One true highlight. There weren't a lot of exciting wins for the 2000 Phillies--there weren't all that many wins, period--but they did get a good one on August 27th, when Bobby Abreu stepped to the plate in the tenth inning of a 1-1 game against the San Francisco Giants at the Vet. Abreu smashed a fly ball to deep center that ended up caroming off the glove of the leaping outfielder Calvin Murray. Abreu, who had considerable wheels in those days, ended up beating the relay throw from short for a walk-off inside-the-park home run--the first such occurrence since Derek Jeter in '96--much to the excitement of Harry Kalas.

"If you can't get excited about that game, you're comatose," said manager Terry Francona afterwards. Verily.

Randy, Robert and BRUUUUUUUUUUCE. Though the Phils' pitching staff was rife with disappointments throughout the '00 season, it was not without its pleasant surprises. Second-year starter Randy Wolf would be the only pitcher on the team to reach double-digit wins, going 11-9 with a 4.36 ERA in a team-high 32 starts, and would serve as one of the Phils' better starters for the next half-decade. 30-year-old righty Robert Person had the best season of his career to that point, going 9-7 with a team high 164 strikeouts. And the almighty Bruce Chen, brought over in the mid-season Ashby deal, far outpitched his predecessor, posting a 3.63 ERA and a 3:1 K/BB ratio.

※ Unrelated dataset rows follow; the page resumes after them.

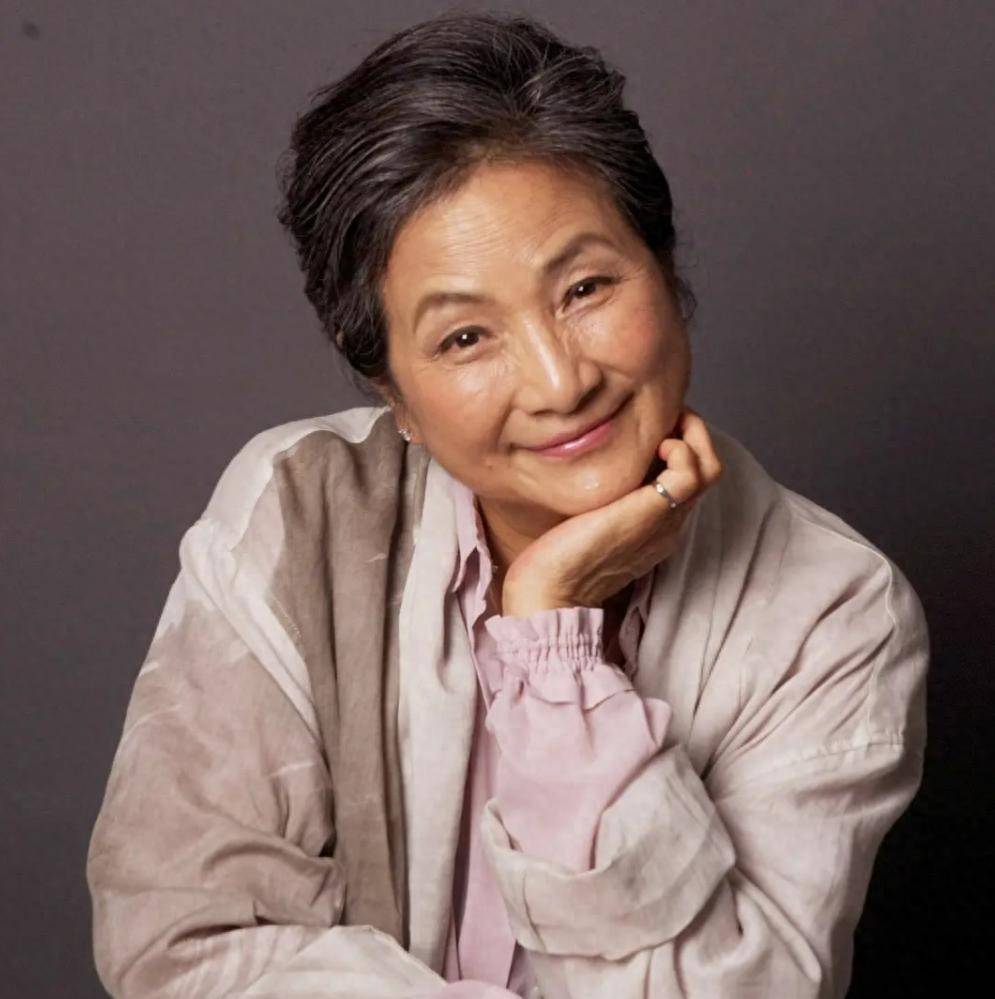 原创            原来她已去世2年，移居美国，离婚净身出户，如今因花少口碑暴涨
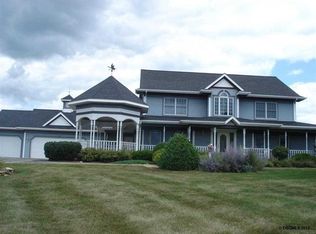 30730 Golf Course Rd, Dyersville, IA 52040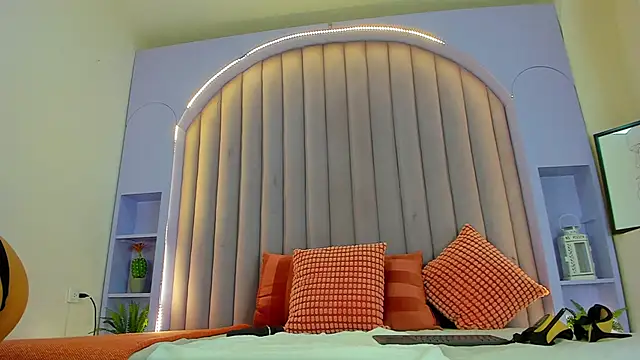 JaylaScott   online show from 19, 10, 2025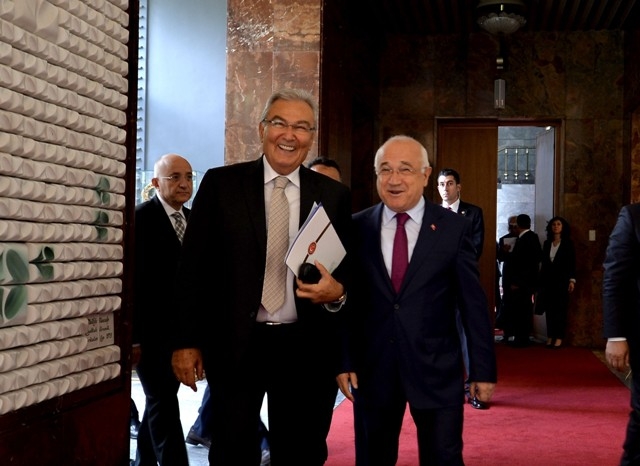 YENİ MECLİSTEN ENSTANTANELER 1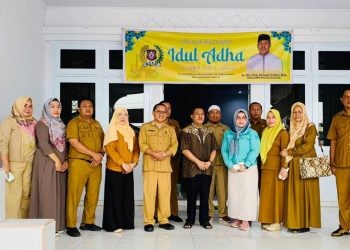 Ketua DPRD Provinsi Gorontalo Paris Jusuf bersama jajaran Sekretariat Dewan pada pertemuan dalam rangka silaturahmi momentum iduladha 1444 Hijriyah, Selasa (4/7/2023) (engki/hms)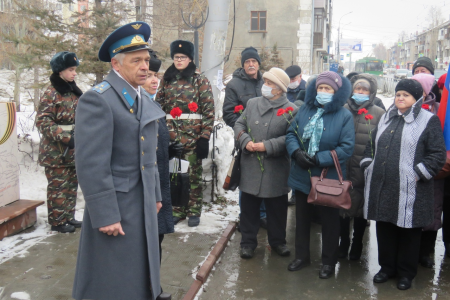 Коммунисты Новосибирска отметили 100-летие Героя Советского Союза Алексея Гаранина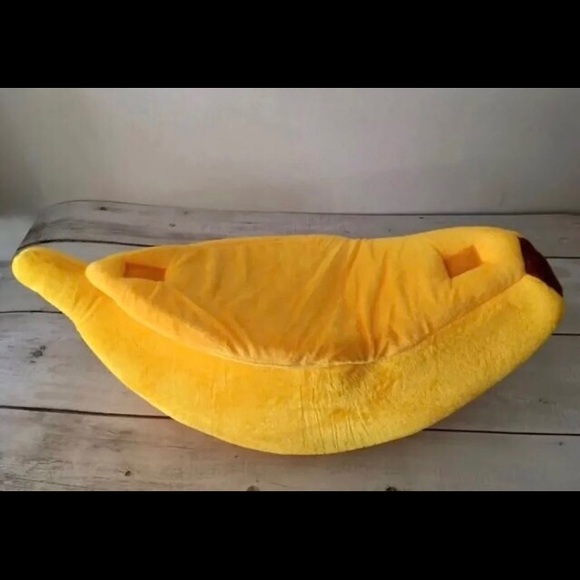 Banana Pet Bed 🍌 - Picture 4 of 6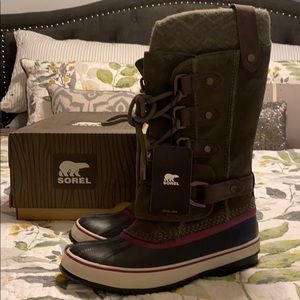 Sorel Joan of Arctic Waterproof Winter Boots 8.5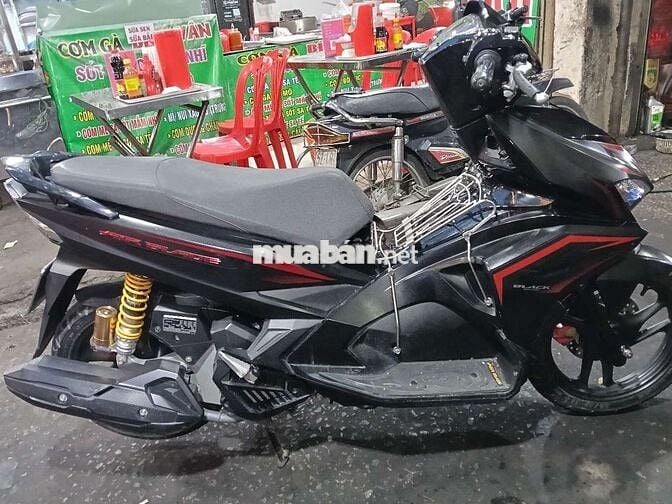 Xe nhãn hiệu Honda là xe tay ga màu đen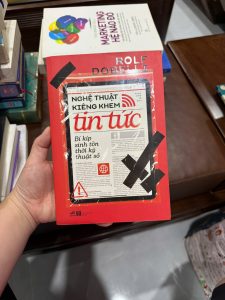 nghệ thuật kiêng khem tin tức, Rolf Dobelli, sách cai nghiện tin tức, sách phát triển bản thân, sách tư duy phản biện, sách giảm stress mạng xã hội, sách self help hay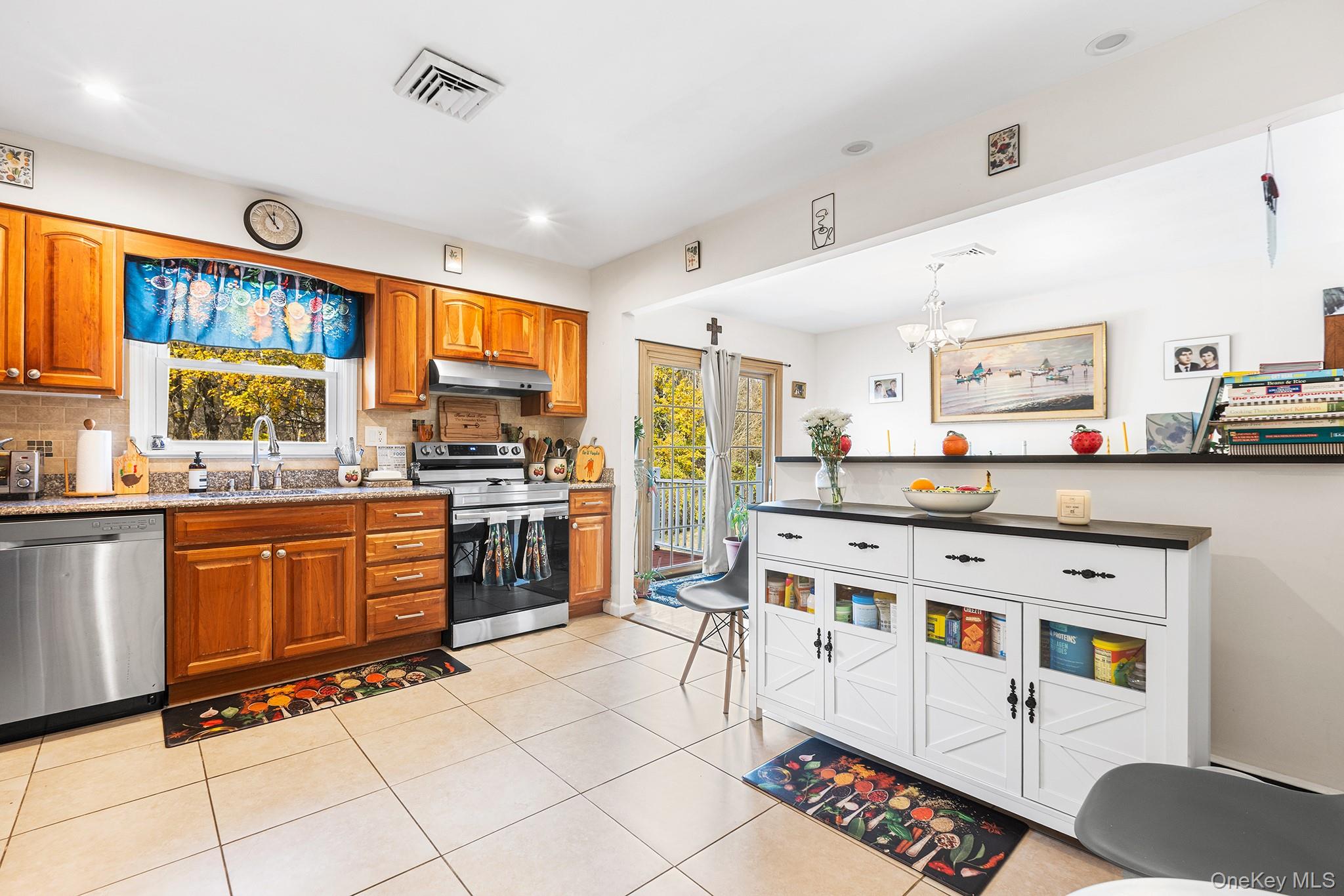 #8 photo, 17 Tamarack Hill Drive, Poughkeepsie , NY 12603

Wolf and Person would also, along with Vicente Padilla, be the Phillies to indirectly inspire the start of player-specific fan groups popping up at the Vet--the Wolf Pack, Person's People, the Padilla Flotilla, etc.--which would help foster fan excitement (of some variety, anyway) during the team's non-contending years in the '00s. And against all odds, Chen continues to get around more than 2Pac or Brian Wilson, currently the owner of a 6-2 record and a sub-3.00 ERA for the 2013 Kansas City Royals, his tenth team in the majors.

Omar Daal and the Quest to Avoid #20. Omar Daal twice took the hill for the Fightins in late September--against the Mets on the 21st, and then the Cubs five days later--with the chance to make some seriously ignominious baseball history. Coming over to the Phils in July's Schilling mega-deal, Daal brought with him a 2-10 record from Arizona, which he then augmented with a 1-9 start to his Phillies career. 20 losses in baseball is far rarer than even 20 wins, and had he picked up L #20, he would've been the first pitcher to hit the benchmark since Brian Kingman did it for the A's in 1980.

Luckily, Daal persevered in both starts, giving up just three combined runs over 12 innings--Daal's last six starts for the Phils were all quality outings--and he even picked up his fourth win of the season in the final game against the Cubs. Three seasons later, lefty Mike Maroth would break the streak of seasons without a 20-game loser, going 9-21 for a historically abysmal Tigers team.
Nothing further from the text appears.